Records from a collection
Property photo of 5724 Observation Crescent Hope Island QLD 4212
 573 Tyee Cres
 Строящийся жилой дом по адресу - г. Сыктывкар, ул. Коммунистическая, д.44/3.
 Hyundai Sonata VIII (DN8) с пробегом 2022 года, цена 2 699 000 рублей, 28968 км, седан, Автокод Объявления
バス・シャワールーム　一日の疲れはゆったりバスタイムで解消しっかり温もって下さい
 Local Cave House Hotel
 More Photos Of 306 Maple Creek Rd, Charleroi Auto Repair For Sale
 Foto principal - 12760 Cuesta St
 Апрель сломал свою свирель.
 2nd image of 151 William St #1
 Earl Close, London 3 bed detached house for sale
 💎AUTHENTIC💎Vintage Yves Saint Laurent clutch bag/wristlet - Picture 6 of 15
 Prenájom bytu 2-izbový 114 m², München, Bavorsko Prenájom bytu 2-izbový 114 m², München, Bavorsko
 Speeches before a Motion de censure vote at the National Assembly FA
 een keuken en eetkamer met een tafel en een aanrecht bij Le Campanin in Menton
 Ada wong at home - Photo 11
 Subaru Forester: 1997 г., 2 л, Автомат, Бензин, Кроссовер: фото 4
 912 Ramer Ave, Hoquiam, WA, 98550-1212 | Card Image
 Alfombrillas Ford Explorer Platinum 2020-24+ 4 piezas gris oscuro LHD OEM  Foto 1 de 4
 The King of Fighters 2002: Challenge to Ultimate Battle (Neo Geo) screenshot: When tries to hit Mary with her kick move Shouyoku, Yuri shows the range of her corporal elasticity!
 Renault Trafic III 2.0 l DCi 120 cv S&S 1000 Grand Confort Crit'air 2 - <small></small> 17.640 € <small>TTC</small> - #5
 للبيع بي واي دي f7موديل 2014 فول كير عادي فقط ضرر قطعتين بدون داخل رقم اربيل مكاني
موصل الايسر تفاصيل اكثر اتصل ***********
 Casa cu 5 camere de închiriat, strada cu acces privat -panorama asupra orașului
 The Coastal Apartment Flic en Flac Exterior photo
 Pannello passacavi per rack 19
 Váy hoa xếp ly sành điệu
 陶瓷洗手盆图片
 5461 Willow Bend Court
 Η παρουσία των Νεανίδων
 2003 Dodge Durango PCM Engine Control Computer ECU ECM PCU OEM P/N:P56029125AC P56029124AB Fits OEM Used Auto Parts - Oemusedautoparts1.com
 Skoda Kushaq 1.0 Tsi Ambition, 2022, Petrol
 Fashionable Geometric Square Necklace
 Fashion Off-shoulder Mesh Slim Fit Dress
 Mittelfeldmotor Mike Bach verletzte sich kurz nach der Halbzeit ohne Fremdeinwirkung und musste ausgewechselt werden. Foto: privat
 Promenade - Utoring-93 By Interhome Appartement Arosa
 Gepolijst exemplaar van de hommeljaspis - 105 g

What needs to be done.
Which lines above contain the word "privat"? Show each of them.

Problem solution.
 Casa cu 5 camere de închiriat, strada cu acces privat -panorama asupra orașului
 Mittelfeldmotor Mike Bach verletzte sich kurz nach der Halbzeit ohne Fremdeinwirkung und musste ausgewechselt werden. Foto: privat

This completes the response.